The existing procurement regulations allow organs of state to dispense with the prescribed process of tendering in certain instances.
However, every single incident of “Deviation” is subject to “Reporting and Accountability”, which means that it has to be approved by the relevant financial or treasury authorities, of that organ of state, looking to award contracts under this practice.
On a municipal level the tendering process is governed by the Municipal Finance Management Act (MFMA) of 2003 and the subsequent Municipal Supply Chain Management Regulations, which clearly affords procurement officials the authority to conduct business with suppliers, by not following the standard prescribed procedures, and only in special circumstances, which is clearly listed by the Regulations.
On the other hand, Treasury Regulations and the Public Finance Management (PFMA), also afford organs of state, which are above local government level, the same authority to dispense with the prescribed tendering procedures, where applicable and also only, in special circumstances.
Some forms of “Deviation” could be found in instances of Alternative Bids, Limited Bidding, Multiple Sources, Sole Source and Single Source as well as Direct Negotiation and Unsolicited Bids, respectively.

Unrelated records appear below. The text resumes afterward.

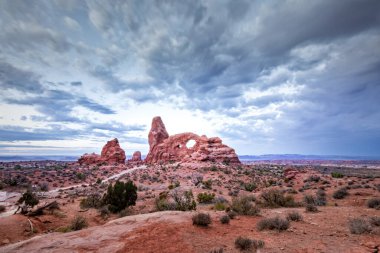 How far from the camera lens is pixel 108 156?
71688 millimetres

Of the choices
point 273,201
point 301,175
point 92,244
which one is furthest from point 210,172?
point 92,244

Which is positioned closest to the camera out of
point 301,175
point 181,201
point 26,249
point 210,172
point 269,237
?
point 26,249

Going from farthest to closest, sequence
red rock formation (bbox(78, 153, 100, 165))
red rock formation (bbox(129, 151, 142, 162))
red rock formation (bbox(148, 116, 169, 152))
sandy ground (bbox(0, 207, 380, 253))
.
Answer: red rock formation (bbox(129, 151, 142, 162)), red rock formation (bbox(148, 116, 169, 152)), red rock formation (bbox(78, 153, 100, 165)), sandy ground (bbox(0, 207, 380, 253))

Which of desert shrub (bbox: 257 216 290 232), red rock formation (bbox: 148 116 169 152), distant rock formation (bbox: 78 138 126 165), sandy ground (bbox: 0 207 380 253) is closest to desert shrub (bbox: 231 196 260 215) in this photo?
sandy ground (bbox: 0 207 380 253)

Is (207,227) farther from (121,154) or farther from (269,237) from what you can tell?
(121,154)

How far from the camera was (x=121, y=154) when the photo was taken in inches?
2894

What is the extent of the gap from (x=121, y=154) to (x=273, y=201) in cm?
6518

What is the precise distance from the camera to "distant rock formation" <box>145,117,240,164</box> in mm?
55881

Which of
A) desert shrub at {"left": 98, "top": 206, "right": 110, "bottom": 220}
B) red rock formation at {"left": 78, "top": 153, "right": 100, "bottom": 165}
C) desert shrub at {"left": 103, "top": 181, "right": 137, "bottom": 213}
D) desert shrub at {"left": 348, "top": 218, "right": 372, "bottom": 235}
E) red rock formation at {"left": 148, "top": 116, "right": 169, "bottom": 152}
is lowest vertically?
desert shrub at {"left": 98, "top": 206, "right": 110, "bottom": 220}

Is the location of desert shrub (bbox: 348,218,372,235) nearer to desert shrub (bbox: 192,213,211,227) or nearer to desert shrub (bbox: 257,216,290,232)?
desert shrub (bbox: 257,216,290,232)

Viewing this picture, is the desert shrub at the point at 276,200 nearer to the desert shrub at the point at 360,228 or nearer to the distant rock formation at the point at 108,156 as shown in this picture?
the desert shrub at the point at 360,228

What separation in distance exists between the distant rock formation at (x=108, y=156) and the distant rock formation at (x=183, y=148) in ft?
30.7

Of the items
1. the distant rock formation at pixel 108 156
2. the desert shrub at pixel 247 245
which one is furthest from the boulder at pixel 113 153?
the desert shrub at pixel 247 245

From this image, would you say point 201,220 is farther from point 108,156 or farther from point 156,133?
point 108,156
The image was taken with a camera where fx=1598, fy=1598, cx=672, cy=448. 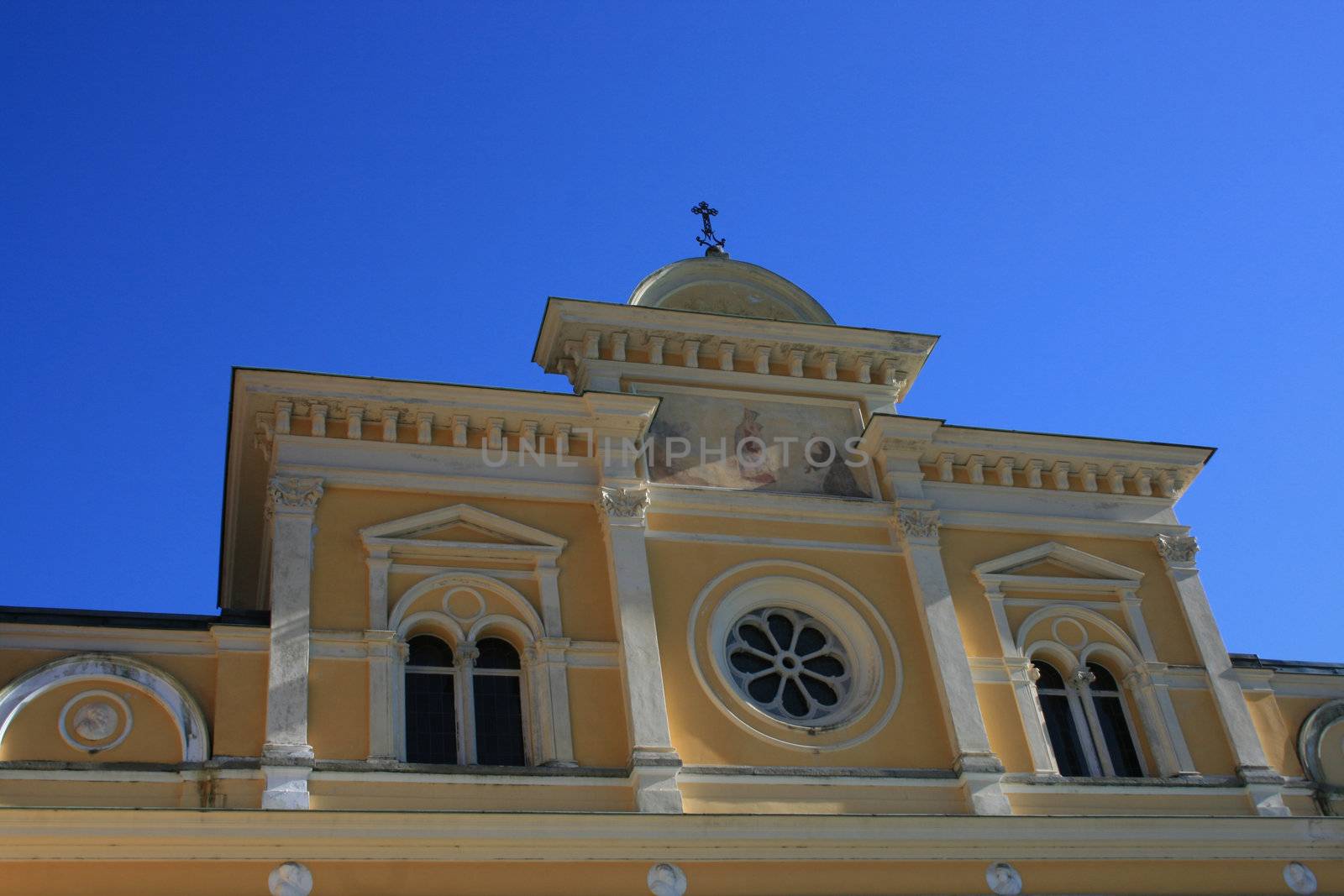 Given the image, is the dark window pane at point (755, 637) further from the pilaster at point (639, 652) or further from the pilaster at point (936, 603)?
the pilaster at point (936, 603)

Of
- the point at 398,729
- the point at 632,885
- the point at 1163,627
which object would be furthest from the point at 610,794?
the point at 1163,627

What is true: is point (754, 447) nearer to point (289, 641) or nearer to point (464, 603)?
point (464, 603)

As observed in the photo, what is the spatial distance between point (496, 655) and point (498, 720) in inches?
33.8

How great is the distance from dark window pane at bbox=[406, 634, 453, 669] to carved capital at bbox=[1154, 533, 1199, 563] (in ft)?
32.1

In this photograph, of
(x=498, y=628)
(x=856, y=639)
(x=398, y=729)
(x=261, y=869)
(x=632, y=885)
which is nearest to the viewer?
(x=261, y=869)

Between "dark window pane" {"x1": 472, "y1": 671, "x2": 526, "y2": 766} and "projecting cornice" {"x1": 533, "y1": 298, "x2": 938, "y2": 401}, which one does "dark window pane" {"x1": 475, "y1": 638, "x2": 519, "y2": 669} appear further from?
"projecting cornice" {"x1": 533, "y1": 298, "x2": 938, "y2": 401}

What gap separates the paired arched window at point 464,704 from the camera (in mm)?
17344

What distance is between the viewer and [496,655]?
18312 mm

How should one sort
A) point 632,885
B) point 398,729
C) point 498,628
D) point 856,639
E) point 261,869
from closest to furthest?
point 261,869 → point 632,885 → point 398,729 → point 498,628 → point 856,639

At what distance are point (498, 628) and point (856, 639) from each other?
4.46 meters

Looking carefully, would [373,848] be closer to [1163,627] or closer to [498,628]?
[498,628]

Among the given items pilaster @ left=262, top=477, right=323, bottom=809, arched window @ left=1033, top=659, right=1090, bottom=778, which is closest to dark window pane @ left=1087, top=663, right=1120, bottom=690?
arched window @ left=1033, top=659, right=1090, bottom=778

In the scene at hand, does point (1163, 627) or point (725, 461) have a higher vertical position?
point (725, 461)

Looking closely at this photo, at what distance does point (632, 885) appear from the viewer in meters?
16.0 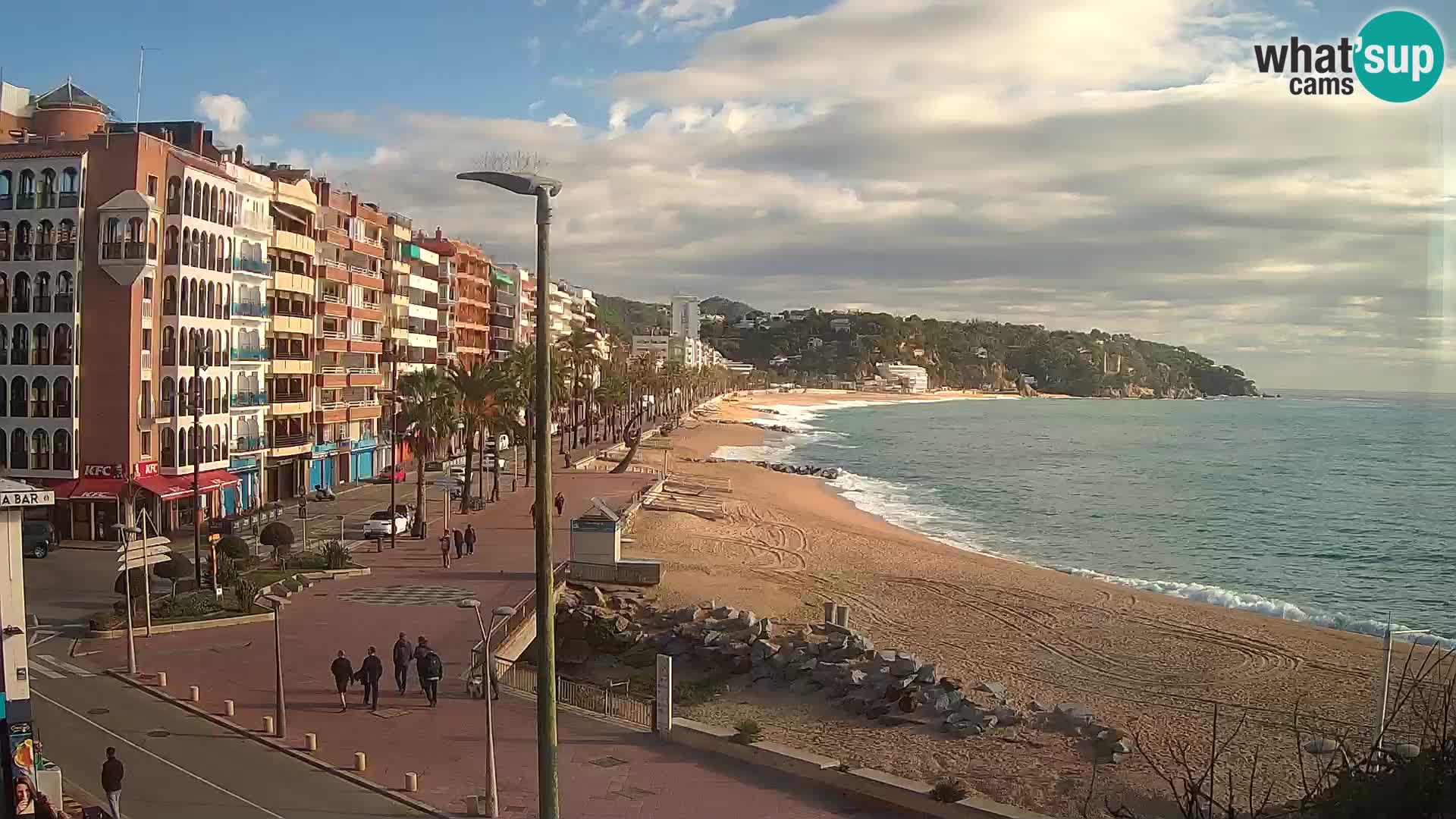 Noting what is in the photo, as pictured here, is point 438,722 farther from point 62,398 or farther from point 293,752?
point 62,398

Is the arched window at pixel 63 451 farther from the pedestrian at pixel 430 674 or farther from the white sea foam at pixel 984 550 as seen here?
the white sea foam at pixel 984 550

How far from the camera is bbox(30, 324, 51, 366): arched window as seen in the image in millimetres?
42469

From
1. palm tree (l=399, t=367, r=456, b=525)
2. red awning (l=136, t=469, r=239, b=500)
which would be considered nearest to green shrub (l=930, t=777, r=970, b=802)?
palm tree (l=399, t=367, r=456, b=525)

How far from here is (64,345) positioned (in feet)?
139

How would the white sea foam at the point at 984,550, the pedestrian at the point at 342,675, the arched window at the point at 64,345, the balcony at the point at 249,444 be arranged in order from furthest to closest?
the balcony at the point at 249,444
the arched window at the point at 64,345
the white sea foam at the point at 984,550
the pedestrian at the point at 342,675

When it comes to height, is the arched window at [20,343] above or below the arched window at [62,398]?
above

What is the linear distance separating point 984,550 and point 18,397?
39.8 metres

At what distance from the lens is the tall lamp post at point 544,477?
10180 mm

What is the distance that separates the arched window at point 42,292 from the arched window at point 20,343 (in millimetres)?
949

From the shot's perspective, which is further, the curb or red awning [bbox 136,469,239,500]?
red awning [bbox 136,469,239,500]

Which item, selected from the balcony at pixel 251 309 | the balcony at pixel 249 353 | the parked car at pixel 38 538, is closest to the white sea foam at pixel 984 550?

Each respective form of “Deviation” requires its own set of regulations, which must be complied with by both the organ of state and the supplier, in order to ensure that the process can be measured under the “Fair, Equitable, Transparent elements” of the Constitution and that the organ of state has received “Fair Value” for the goods and services offered by the supplier.
The essential approach for companies to gain contracts under the scope of “Deviation” is firstly to up skill their knowledge around the process and then “position” themselves to become a supplier without having to compete in the open market for such contracts.
Whilst some may be sceptical about whether it is allowed or not, others are, on a daily basis, getting contracts running into the hundreds of millions of Rand, awarded under the scope of “Deviation”.